Workers at 23 top investment banks, hedge funds, asset managers and stock and commodities exchanges can expect to earn even more than they did the peak year of 2007, according to an analysis of securities filings for the first half of 2009 and revenue estimates through year-end by The Wall Street Journal.
Total compensation and benefits at the publicly traded firms analyzed by the Journal are on track to increase 20% from last year’s $117 billion—and to top 2007’s $130 billion payout. This year, employees at the companies will earn an estimated $143,400 on average, up almost $2,000 from 2007 levels.
I have no comment.
That's because I'm speechless. We're facing double digit unemployment because of these bastards, the deficits are huge because we bailed out these bastards, and now they're increasing their own compensation?
UPDATE: Thankfully, Kevin Drum, while as dumbfounded as me, can eke out a few thoughts:
There's an insanity here that's almost beyond analysis. Wall Street can spark an economic slowdown that misses destroying the planet and causing a second Great Depression only by a hair's breadth — said hair being an 11th hour emergency infusion of trillions of taxpayer dollars — and then turn around and use those trillions to return to bubble levels of profitability within 12 months. And they can do it even though the rest of the economy is still suffering through the worst recession since World War II. It's mind boggling.
Is there any silver lining here? Probably not, but I'll try: If Wall Street can shrug off the worst recession of our lifetimes as if it's a minor fender bender and get the party rolling all over again in less than 12 months, it means the next bubble is already in the works and its collapse will be every bit as bad as this one. That in turn means it will almost certainly happen while today's politicians are still in office. So maybe news like this will finally spur lawmakers to realize once and for all that the financial industry needs to be cut down to size. Half measures won't do it. Self-regulation won't do it. Compensation limits won't do it. Byzantine, watered-down rules won't do it. Something like a Morgenthau Plan for Wall Street is the only thing that has even half a chance of working.
Will Congress finally get this? Probably not. The financial lobby is just too strong. But we can hope.

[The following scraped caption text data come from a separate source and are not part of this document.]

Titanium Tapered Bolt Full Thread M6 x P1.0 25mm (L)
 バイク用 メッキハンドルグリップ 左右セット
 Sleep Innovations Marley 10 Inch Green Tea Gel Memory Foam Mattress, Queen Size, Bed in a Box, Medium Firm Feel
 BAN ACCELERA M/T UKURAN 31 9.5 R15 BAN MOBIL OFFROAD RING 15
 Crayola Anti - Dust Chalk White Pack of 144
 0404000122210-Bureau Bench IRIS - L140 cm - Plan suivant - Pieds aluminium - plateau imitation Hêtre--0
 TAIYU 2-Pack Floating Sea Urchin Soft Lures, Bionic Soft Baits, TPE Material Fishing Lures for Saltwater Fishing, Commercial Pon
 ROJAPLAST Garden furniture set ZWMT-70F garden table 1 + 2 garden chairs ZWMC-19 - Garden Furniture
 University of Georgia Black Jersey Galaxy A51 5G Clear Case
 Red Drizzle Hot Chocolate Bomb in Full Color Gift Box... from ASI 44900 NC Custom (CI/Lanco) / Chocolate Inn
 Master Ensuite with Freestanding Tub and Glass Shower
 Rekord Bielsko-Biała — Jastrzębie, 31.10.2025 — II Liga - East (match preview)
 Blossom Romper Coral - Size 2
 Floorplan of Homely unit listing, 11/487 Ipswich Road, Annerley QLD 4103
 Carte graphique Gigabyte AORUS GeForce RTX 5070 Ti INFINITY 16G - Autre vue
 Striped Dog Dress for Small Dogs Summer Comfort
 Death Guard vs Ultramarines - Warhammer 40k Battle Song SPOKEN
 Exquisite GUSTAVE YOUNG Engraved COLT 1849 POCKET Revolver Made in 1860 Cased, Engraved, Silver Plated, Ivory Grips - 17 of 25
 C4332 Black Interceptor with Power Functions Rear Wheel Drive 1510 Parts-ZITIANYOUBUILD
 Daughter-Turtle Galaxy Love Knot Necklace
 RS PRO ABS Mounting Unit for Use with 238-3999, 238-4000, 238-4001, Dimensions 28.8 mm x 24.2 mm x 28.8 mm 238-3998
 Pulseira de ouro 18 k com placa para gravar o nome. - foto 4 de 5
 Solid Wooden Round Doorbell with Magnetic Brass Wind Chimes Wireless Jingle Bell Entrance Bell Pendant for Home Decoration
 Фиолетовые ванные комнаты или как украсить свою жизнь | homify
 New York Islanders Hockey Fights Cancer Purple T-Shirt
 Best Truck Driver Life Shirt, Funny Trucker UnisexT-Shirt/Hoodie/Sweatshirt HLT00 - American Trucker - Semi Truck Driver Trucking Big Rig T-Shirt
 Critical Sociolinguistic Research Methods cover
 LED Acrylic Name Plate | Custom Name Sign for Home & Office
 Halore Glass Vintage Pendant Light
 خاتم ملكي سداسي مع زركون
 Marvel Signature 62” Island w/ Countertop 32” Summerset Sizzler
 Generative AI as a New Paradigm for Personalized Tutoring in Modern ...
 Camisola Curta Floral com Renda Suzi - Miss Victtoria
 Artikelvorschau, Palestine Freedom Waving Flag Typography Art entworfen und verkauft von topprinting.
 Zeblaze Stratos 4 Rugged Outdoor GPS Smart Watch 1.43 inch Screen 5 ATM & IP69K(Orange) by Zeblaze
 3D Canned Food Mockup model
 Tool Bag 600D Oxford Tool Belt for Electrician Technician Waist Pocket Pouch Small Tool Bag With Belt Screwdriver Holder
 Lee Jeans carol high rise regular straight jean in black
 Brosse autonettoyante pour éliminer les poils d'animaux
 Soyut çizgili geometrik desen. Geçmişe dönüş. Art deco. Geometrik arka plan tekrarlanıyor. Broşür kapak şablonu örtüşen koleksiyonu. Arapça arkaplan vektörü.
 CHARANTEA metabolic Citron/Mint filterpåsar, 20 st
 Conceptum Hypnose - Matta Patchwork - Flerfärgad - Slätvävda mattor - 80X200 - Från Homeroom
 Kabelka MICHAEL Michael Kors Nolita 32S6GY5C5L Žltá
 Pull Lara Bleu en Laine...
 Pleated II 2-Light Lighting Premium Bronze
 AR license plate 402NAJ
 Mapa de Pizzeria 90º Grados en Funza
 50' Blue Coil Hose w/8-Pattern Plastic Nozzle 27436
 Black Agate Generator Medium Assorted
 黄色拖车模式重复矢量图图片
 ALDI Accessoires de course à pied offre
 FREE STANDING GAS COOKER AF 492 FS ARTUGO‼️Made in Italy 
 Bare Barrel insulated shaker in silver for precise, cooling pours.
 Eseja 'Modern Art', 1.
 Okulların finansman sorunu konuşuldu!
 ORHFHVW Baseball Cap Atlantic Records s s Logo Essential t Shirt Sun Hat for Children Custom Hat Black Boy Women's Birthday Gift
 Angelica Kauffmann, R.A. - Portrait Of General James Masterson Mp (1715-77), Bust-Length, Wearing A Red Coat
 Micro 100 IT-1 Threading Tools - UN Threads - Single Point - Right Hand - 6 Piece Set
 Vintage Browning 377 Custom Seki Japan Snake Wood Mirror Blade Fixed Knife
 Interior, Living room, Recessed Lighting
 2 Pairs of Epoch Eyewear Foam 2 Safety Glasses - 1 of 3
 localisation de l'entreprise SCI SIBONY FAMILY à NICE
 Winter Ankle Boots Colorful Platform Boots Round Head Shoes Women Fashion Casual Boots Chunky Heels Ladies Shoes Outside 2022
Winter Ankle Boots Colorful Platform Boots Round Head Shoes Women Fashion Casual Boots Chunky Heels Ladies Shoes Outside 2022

RELATED: The Dow surpassed 10,000 today. Republicans are downplaying the significance of that. And while I tend to agree with them (10,000 is just a number), recall that Republicans weren't singing that tune a few months ago. The Wall Street Journal ran an entire editorial on this in early March. The drop in the Dow, the WSJ insisted, was a direct result of investors evaluating "Mr. Obama's agenda and his approach to governance." Karl Rove and Lou Dobbs made the same case. So did Rush Limbaugh, Sean Hannity, and Fred Barnes. It was one of Mitt Romney's favorite talking points for a while, too.
To Republicans, Obama was to blame for the continuing fall of the Dow last spring. But now that it keeps going up and up? Well, the Dow doesn't mean anything.
But since when has logical, or even rhetorical, consistency been a characteristic of today's Republican party?
UPDATE TO RELATED: OMG! Fox News is pitching that the surge in the Dow is an example of the "Bush recovery"!!